Exercising During Pregnancy Reduces Children’s Risk of Metabolic Diseases

March 19, 2021 12:22:41

New research has found that maternal exercise may allow mothers to considerably decrease the chances of their children developing metabolic diseases, such as diabetes, as they grow older. The study, which was conducted on lab mice, discovered that exercising during pregnancy hindered the transmission of metabolic ailments from an obese father or mother to the child. The researchers reported that if these findings remain unchanged in humans, it could significantly help pregnant women ensure that their children lived healthy lives.

Leading exercise expert from the University of Virginia School of Medicine Zhen Yan, who is also a researcher, explained that the majority of the chronic illnesses individuals suffer from currently have a fetal origin. This, Yan said, indicated that the poor health conditions of the parent before getting pregnant and during pregnancy negatively affect the child, possibly through gene chemical modification.
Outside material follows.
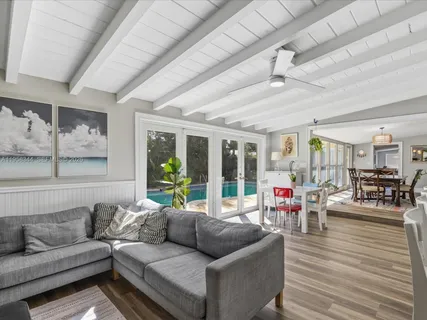 a view of a dining room with furniture window and outside view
Yan explained that the source of inspiration for the research came from a prior research on mice, which focused on how regular aerobic exercise for an obese mother prior to and during pregnancy could protect the child from early onset diabetes. Yan added that for their research the group had chosen to focus on what would happen if the father was obese and the obese mother only exercised during the pregnancy.

For a while now, researchers have known that exercising during pregnancy helps decrease the risk of premature delivery and pregnancy complications and promotes the delivery of healthy babies.
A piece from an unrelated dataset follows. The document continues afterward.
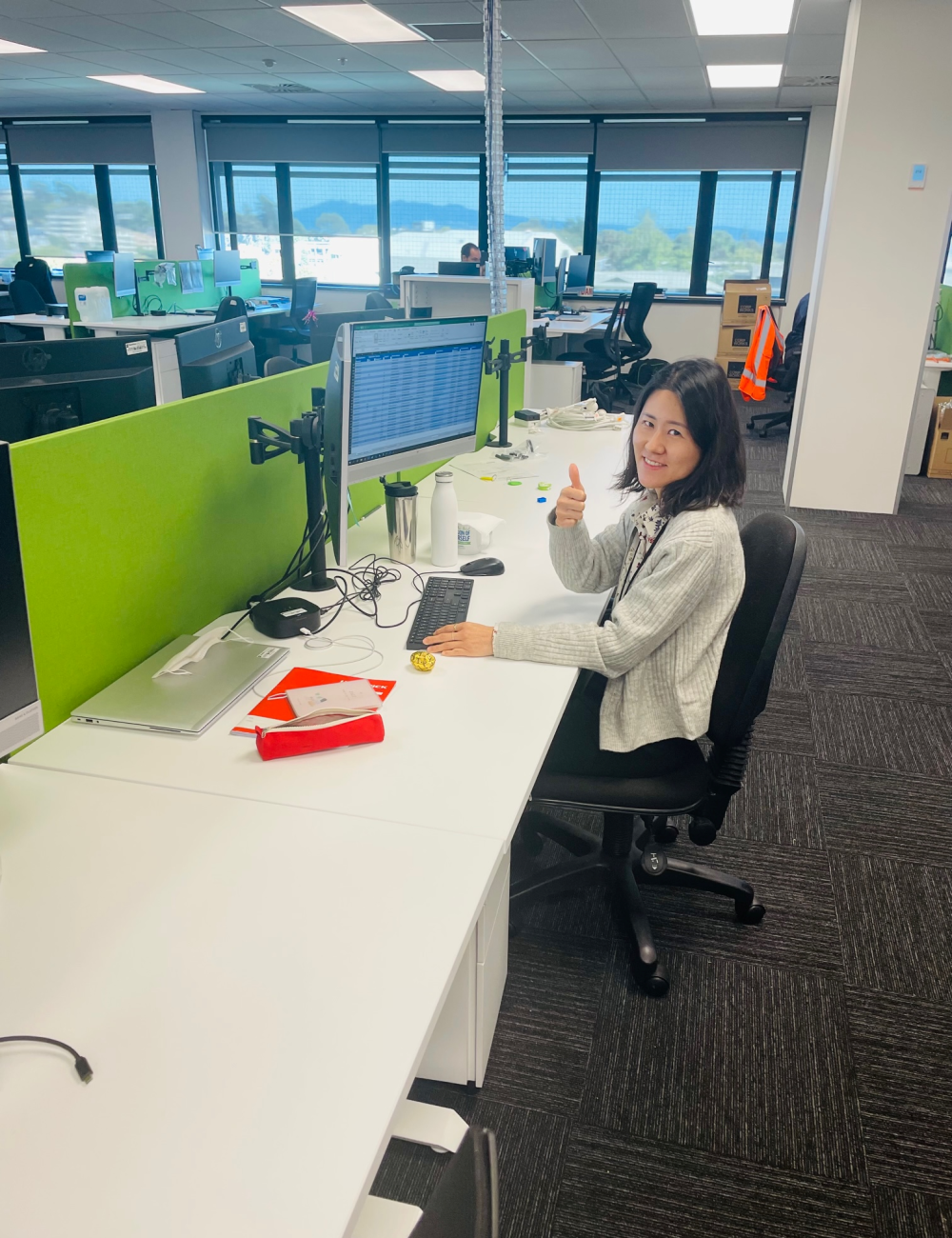 Hamilton City Council Graduate - Young professional sitting on her desk.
However, Yan, who is also director of the Center for Skeletal Muscle Research at the Robert M. Berne Cardiovascular Research Center at the university, wanted to see whether the benefits carried on as the children grew older. He discovered, through prior and new research, that benefits did in fact continue throughout a child’s life.

To determine this, Yan and other researchers studied lab mice as well as their offspring. Some of the mice were fed normal mouse food prior to and during pregnancy while the rest received a high-calorie, high-fat diet to feign obesity. Some mice in the group that got the high-fat diet prior to mating were given access to a running wheel during pregnancy while others were not.

The researchers found that both fathers and mothers in the high-fat diet group predisposed their offspring to metabolic ailments. Particularly, male offspring of mothers from the same group who weren’t given access to a running wheel were at a higher risk of developing high blood sugar and other metabolic issues as they got older.

The researchers noted that these results, which were reported in the “Journal of Applied Physiology,” offer evidence that maternal exercise during pregnancy could hinder the transmission of metabolic ailments from parent to offspring.